The origin of the most energetic particles that travel our Universe is a century-old puzzle that still remains largely unsolved since their first detection in 1912 by Victor Hess, who was awarded the Nobel Prize for this discovery in 1936. Very large particle detectors have since been built to measure the flux of cosmic rays (protons and heavier nuclei), from our galaxy and beyond, with energies up to 100 million times higher than those achievable at the Large Hadron Collider at CERN.

Focus Group Multi-Messenger Astrophysics  and the United Nations Open Universe Initiative

Prof. Paolo Giommi (Italian Space Agency), Alumnus Hans Fischer Senior Fellow | Theo Glauch (TUM), Doctoral Candidate | Host: Prof. Elisa Resconi, Experimental Physics with Cosmic Particles, TUM

Despite the enormous technical efforts that have been made, especially over the last few decades, many challenges remain in the identification of the sources where cosmic rays originate. This Focus Group has contributed to the global effort to understand where and how these particles are accelerated.

Cosmic rays include different types of particles and radiation, each with its own peculiarities:

  • Highly energetic charged particles can only travel a limited distance before being absorbed by cosmic background radiation. In addition, they are deflected by magnetic fields and therefore lose the directional information that is necessary to connect them to their origin.
  • Neutrinos can travel cosmological distances but barely interact with matter, which means that to detect them it is necessary to use extremely large detectors. Hence only few high-energy astro-physical neutrinos have been detected so far.
  • Gamma rays are produced in a large variety of astrophysical processes, a large majority of which are not necessarily connected to neutrinos or charged cosmic rays.

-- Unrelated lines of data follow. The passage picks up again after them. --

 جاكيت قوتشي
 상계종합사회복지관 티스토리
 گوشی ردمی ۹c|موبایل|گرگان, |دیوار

It was only recently that the IceCube Neutrino Observatory at the South Pole, together with several ground and space telescopes, announced the detection of astrophysical neutrinos and gamma rays emanating from a source named TXS 0506+056. Our studies here at the TUM-IAS found that this object is very peculiar since it is not only a blazar, a powerful galaxy hosting a supermassive black hole and a jet of highly accelerated particles pointing toward us, but also is a  special subtype — a masqueraded BL Lac — that has a very strong photon field that facilitates particle interactions.

Blazars have long been suspected to be promising sources of cosmic neutrinos, as they are thought to be capable of accelerating particles up to the highest observed energies. Our study of TXS0506+056 was very encouraging, so over the last year we applied the analysis methods that were derived to study this object to dozens of additional high-energy neutrinos detected by IceCube over a period of several years. This effort was successful as it led to the identification of several other candidates, evolving the status of our knowledge about neutrino sources from the case of a single object to that of a sample of 48 blazars, approximately 20 of which, according to our statistical study, are expected to be truly neutrino emitters.

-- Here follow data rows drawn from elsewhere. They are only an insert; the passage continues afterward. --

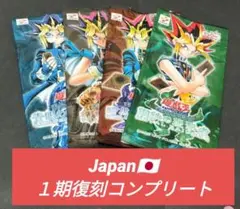ドラゴンボール イタジャガカードvol.1 24種類コンプリート 未開封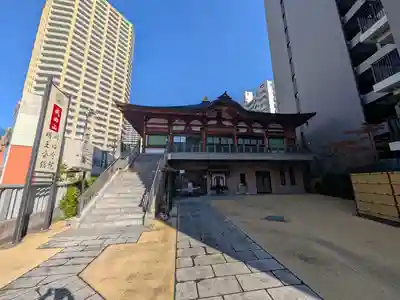 成田山川口分院(埼玉県)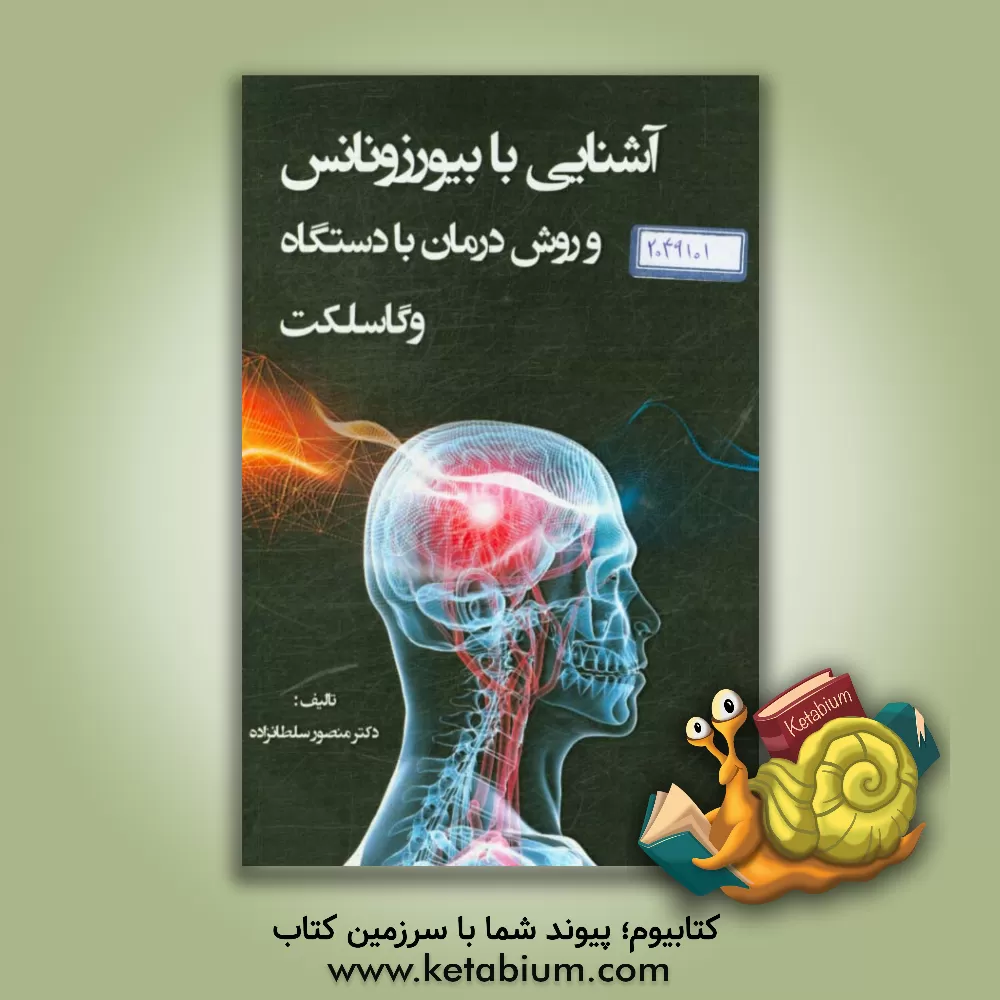 کتاب آشنایی با بیورزونانس تراپی و دستگاه وگاسلکت اثر منصور سلطان‌زاده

While the case for a correlation between astrophysical neutrinos and blazars is mounting, we are only beginning to exploit the full potential of the available data. Now that we have secured a sample of neutrino candidate counterparts, we have started detailed studies of each object. We have done so by combining the increasing availability of multi-wavelength archival observations with fresh data collected by our collaborators using large optical telescopes, in an effort to identify possible specific characteristics of neutrino emitters and possibly understanding these peculiarities from a theoretical viewpoint. The first results of these activities have been published in two very recent papers. Other publications will follow in the near future.

A good part of the research carried out by this Focus Group was included in the thesis of doctoral candidate Theo Glauch, who very successfully completed his doctoral studies (summa cum laude) a few months ago.